Exercise details
Your copy should hold exactly the lines from the one containing "Cover of: A" through the last line of the entries, and no pictures.

Data listing
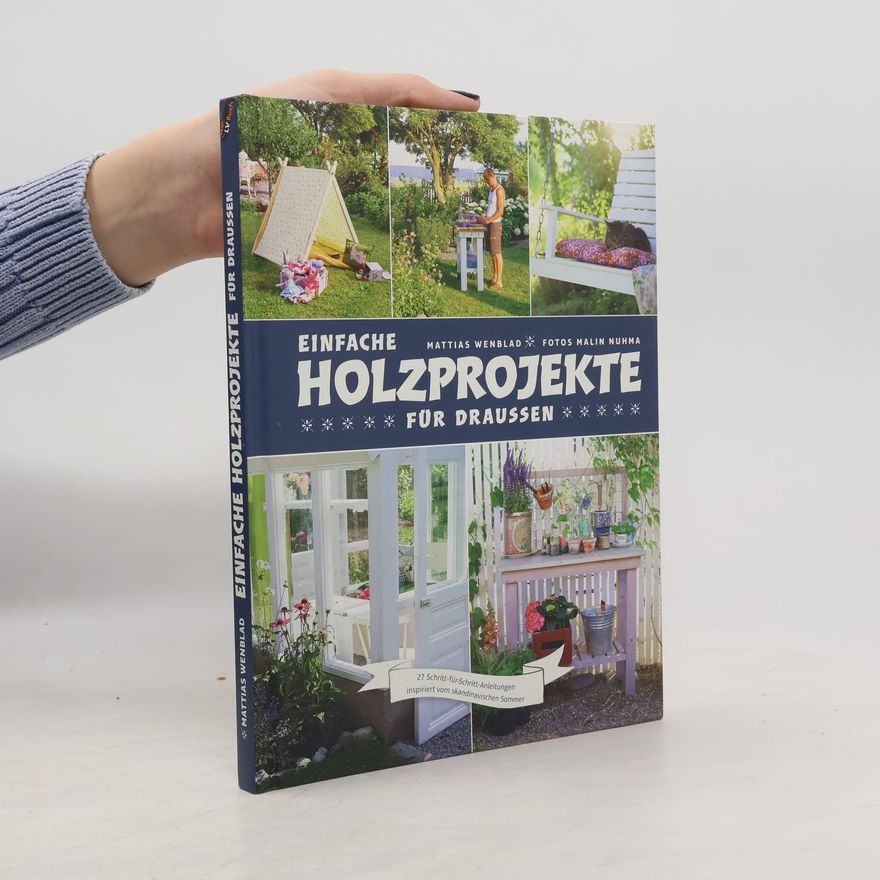 Malin Nuhma Einfache Holzprojekte für draussen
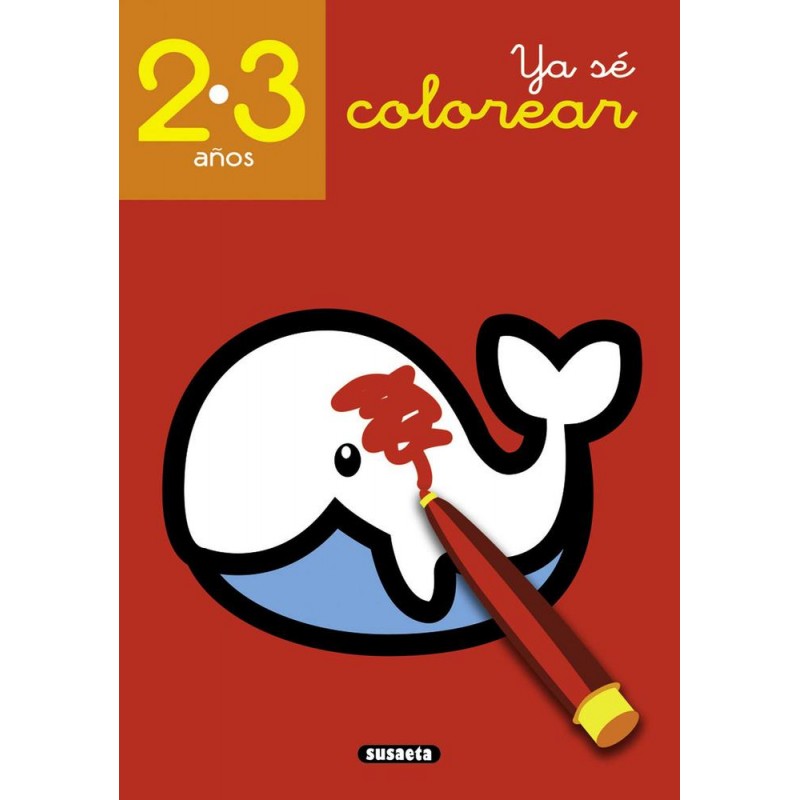Ya sé colorear 2-3 años Ya sé colorear 2-3 años
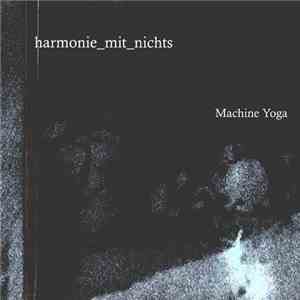 harmonie_mit_nichts - Machine Yoga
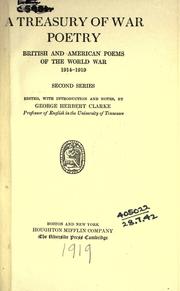 Cover of: A treasury of war poetry, British and American poems of the world war, 1914-1919. by Clarke, George Herbert, Clarke, George Herbert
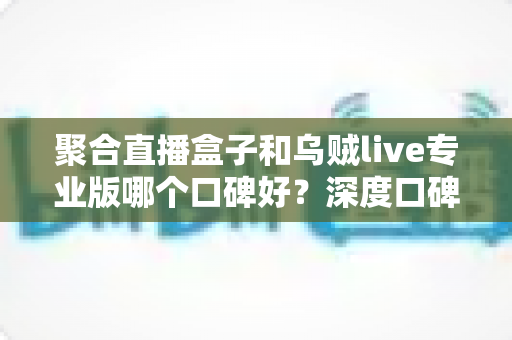 聚合直播盒子和乌贼live专业版哪个口碑好？深度口碑评测与选购全攻略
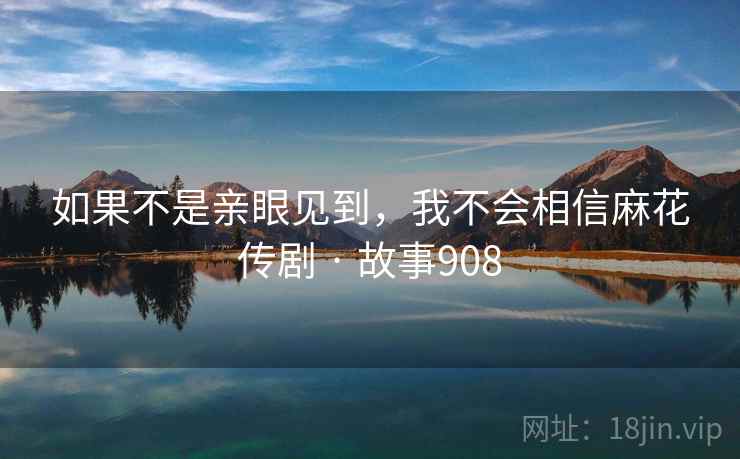 如果不是亲眼见到,我不会相信麻花传剧 · 故事908 如果不是亲眼见到,我不会相信麻花传剧 · 故事908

Response area
 Cover of: A treasury of war poetry, British and American poems of the world war, 1914-1919. by Clarke, George Herbert, Clarke, George Herbert
 聚合直播盒子和乌贼live专业版哪个口碑好？深度口碑评测与选购全攻略
 如果不是亲眼见到,我不会相信麻花传剧 · 故事908 如果不是亲眼见到,我不会相信麻花传剧 · 故事908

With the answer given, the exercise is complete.